Je zou mogen verwachten dat een groep bejaarde bewoners van een verzorgingscentrum voor senioren niet direct de meest vooruitstrevende gemeente oplevert. Toch blijkt dat daar in de loop van de (niet eens zo lange) tijd allerlei vernieuwingen zijn doorgevoerd. Zo is de bijbelstudie (sabbatschool) verhuisd naar de vrijdagavond. Er brandde een kaars vooraan in de kerk en tot mijn vreugde zag ik ook de attributen voor het avondmaal op de tafel naast de kansel. Kleine vernieuwingen misschien, maar daarom niet minder belangrijk. Ze tonen aan dat er nagedacht wordt over hoe men het kerk-zijn wil beleven. Bovendien was er vanmorgen een vrouwelijke ouderling die mij begeleidde. Maar het belangrijkste is: er is een andere sfeer—een sfeer van veel meer openheid dan vroeger. En daardoor worden de diensten ook door een aantal niet-adventistische cliënten bezocht.

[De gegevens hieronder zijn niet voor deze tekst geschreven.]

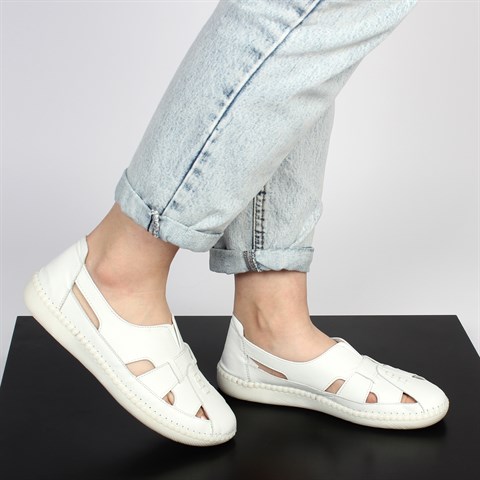 Kadın Beyaz Deri Ayakkabı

De ‘gemeente Huis ter Heide’, waar ik om half twaalf enigszins hijgend aankwam, stond vroeger niet direct bekend om zijn progressiviteit. Ik was er nu al een paar jaar niet geweest om te preken. Wat ik vanmorgen zag verraste mij. De gemiddelde leeftijd van de circa honderd kerkgangers is zeker niet boven de veertig. Een praise-team zorgde voor eigentijdse muziek. Het is een gemeente waar mensen met verschillende etnische achtergrond duidelijk naadloos samen-zijn en waar ook ruimte is voor mensen met een ‘andere’ seksuele geaardheid.  Kortom: ik zag een levende gemeente die de weg heeft gevonden om jongeren vast te houden en die in weinig lijkt op de gemeente die ik van vroeger kende. En ik heb niet de indruk dat het voor deze gemeente vreselijk belangrijk is wat er precies in Silver Spring of in St. Albans gebeurt en wordt besloten!

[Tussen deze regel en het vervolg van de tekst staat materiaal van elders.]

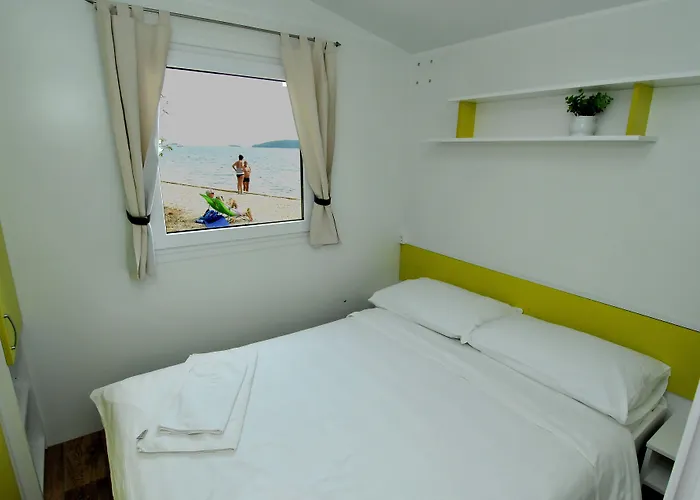 Hotel Camp Perna Kuciste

Ik zou een reeks van andere voorbeelden van veranderde, of veranderende, kerkgemeenten kunnen noemen. Dat geeft hoop voor de toekomst.  En het stemt mij blij dat de bestuurders van de Adventkerk in Nederland voor deze ontwikkeling volop ruimte bieden.  Zij hebben beter begrepen dan veel leiders op hoger niveau dat de vernieuwing van de kerk vanuit de plaatselijke kerken komt. Want laten we nooit vergeten dat dit het model is dat het Nieuwe Testament ons aanreikt. Overkoepelende structuren zijn nodig, maar het zijn niet meer dan hulpmiddelen. De kerk is in de eerste plaats de lokale gemeenschap van gelovigen. In het Nieuwe Testament was de kerk geen kerkgenootschap met een kantoor in Jeruzalem of Antiochië. Het was de plaatselijke kerkgemeenschap in Jeruzalem, in Efeze, in Rome, in Korinte, enzovoort. Misschien moet dat model weer meer nadruk ontvangen om de kerk te veranderen in een levende geloofsgemeenschap waarin steeds meer mensen van onze tijd een geestelijk thuis kunnen vinden!

 

Liberaal – II ?

 

In mijn vorige blog verklaarde ik mij tot een liberale protestant cq. adventist.  Maar ik gaf wel aan dat het er vanaf hangt hoe je dat begrip ‘liberaal’ invult en waarmee je het vergelijkt.

Vandaag—in het Paasweekend—wil ik daarom wel wat toevoegen aan wat ik vorige week schreef.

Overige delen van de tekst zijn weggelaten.